View Full Version : [ubuntu] Trouble with Window managers on old box

April 15th, 2010, 03:54 AM
Using this old PC as a server, with only 96 MB RAM. I tried installing a basic WM today just in case I needed it, and only icewm will work. icewm works fine, no problems at all. I installed Xorg, etc. But every other WM I try has a problem. No use listing them, they all have an identical problem and I tried too many to describe.

Whenever I try a new WM, I remove the previous one to be careful. I then type "startx" to start the X session, but up comes a very buggy, static screen with a small terminal in the upper left corner.

It's not my graphics card. It worked on Damn Small Linux on JWM and Fluxbox flawlessly, but I switched to Ubuntu Server because I just hated the way DSL worked. And like I said, icewm has no problems at all. I'm just curious about some others I could try, but not a single one works.

Ideas? :)

Edit: More info

I decided to reinstall another WM, and when the terminal came up I typed in the name of the WM (in this case, twm) and.. the terminal grew a window border. I could click on the desktop (still full of static) and bring the menus up, but it just wasn't usable at all. All other WMs were the same way, except they brought their own theme to it. Why is just icewm working?

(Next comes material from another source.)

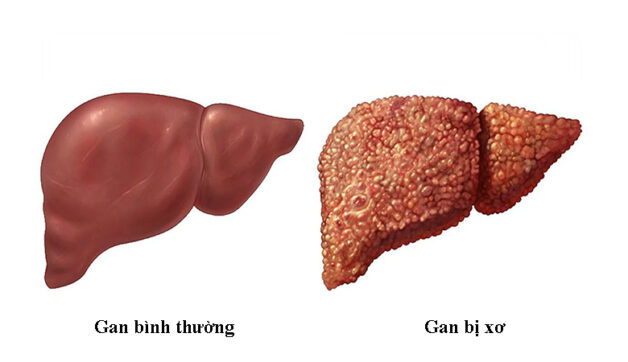 3. Điều trị bệnh xơ gan theo nguyên nhân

April 15th, 2010, 05:33 AM
from http://xwinman.org/basics.php:

There is a system configuration file that startx uses, and a user's own configuration file that is used in preference to the system one, if it exists. You can find out the names of these files by looking at the startx script. (You can find out where the script is by doing "which startx".) The system configuration file is usually something like /etc/X11/xinit/xinitrc and the user configuration file is virtually always .xinitrc in the root of your home directory. Look at the system file and see where it calls the default window manager. To change window managers for yourself, either copy this file to ~/.xinitrc and edit it appropriately, or create your own from scratch. It should end with "exec windowmanager" and any commands before that which don't finish quickly should be run in the background. Here's a simple example:

xterm &
exec fvwm

The first line selects the program used to run the script itself. Without this your default shell will be used. The second line runs an xterm in the background, and the third line runs the window manager. The exec command is used to replace the script process with the process of the window manager itself. This is because X shuts down when the script finishes running, but if the window manager replaces it, it will shut down when the window manager quits instead, which is usually the desired behaviour.

You can see this for yourself if you change the first line to "exec xterm". The window manager will then not be started and X will shut down when you exit the xterm window. This is also an interesting experience is it illustrates exactly what a window manager does, and what X does itself. Without a window manager running you can still run programs, and bring up windows, but they don't have any decorations and you can't move them.